It recently came to light that third-party app Life360 is selling user location data “to virtually anyone who wants to buy it,” as per a report from The Markup. The app reportedly has a user base of around 33 million people, many of which use Life360 to track their children’s movements through their mobile phones or share location information with their contacts.
Life360 was actually one of the premium apps that Samsung offered for free to Galaxy S6 series customers many years ago, so there’s a chance that countless Galaxy smartphone users may continue using the app on newer Galaxy devices today. And although the Terms of Service attached to Life360 state that the company may sell user data, The Markup’s investigation reveals that Life360 could be “a firehose of data” for the multi-billion dollar location data-collection industry.
What’s more, this location data is reportedly being sold by Life360 without too much consideration regarding the misuse of sensitive information, claim former employees who chose to remain anonymous.
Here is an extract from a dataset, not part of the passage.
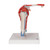 This shoulder joint model consists of the upper half of the humerus, as well as the clavicle and scapula. Besides showing the musculature of the rotator cuff, the shoulder joint model also shows the origin and insertion points of the shoulder muscles highlighted in color (origin = red, insertion points = blue). The following muscles of the shoulder can be depicted and even detached for a clearer understanding of the shoulder joint:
And according to a former engineer at X-Mode — a US company specializing in location data — cited by The Markup, Life360 was one of X-Mode’s most valuable assets “due to the sheer volume and precision of the data” obtained through the service.
Likewise, a former Cuebiq employee cited by The Markup suggested that without the constant flow of location data provided by Life360, Cuebiq would have been unable to run its marketing campaigns.
Uninstall, opt-out, or let your location data be sold to roughly a dozen data partners
The Children’s Online Privacy Protection Rule restricts Life360 from selling location data collected from users who are under 13 years of age, though the company can apparently “disclose” (as opposed to “sell”) such information to third parties “as needed to analyze and detect driving behavior data, perform analytics or otherwise.” It claims it doesn’t disclose data “for marketing or advertising purposes” from users under 13.
Talking with The Markup, Life360 founder and CEO said that the company is “not aware of any instance where our data has been traced back to individuals via our data partners.”
Technically speaking, Life360 is covered by a disclaimer claiming that “Your location data may be shared with Partners for the purposes of crash detection, research, analytics, attribution, and tailored advertising.” The same app that once used to be offered for free to Samsung Galaxy S6 customers does allow users to disable the sale of their location data via privacy settings, but the disclaimer fails to clearly communicate this to the user.